• EXERCISE
Look below for the line that has "Bridge over sea against sky". Set down the lines from there through the line that has "A gray 3D-printed", exactly as written.

• DATA
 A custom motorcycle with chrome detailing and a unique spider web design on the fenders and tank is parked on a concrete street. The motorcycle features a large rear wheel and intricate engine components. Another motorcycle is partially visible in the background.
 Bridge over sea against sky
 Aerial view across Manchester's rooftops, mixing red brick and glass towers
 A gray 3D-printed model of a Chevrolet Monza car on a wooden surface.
--
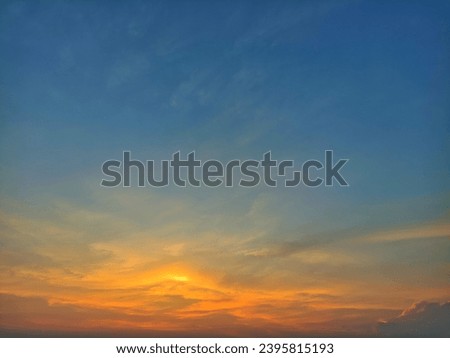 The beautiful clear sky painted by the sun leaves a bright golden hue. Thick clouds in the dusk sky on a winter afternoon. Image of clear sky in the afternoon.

• SOLUTION TO THE PROBLEM
 Bridge over sea against sky
 Aerial view across Manchester's rooftops, mixing red brick and glass towers
 A gray 3D-printed model of a Chevrolet Monza car on a wooden surface.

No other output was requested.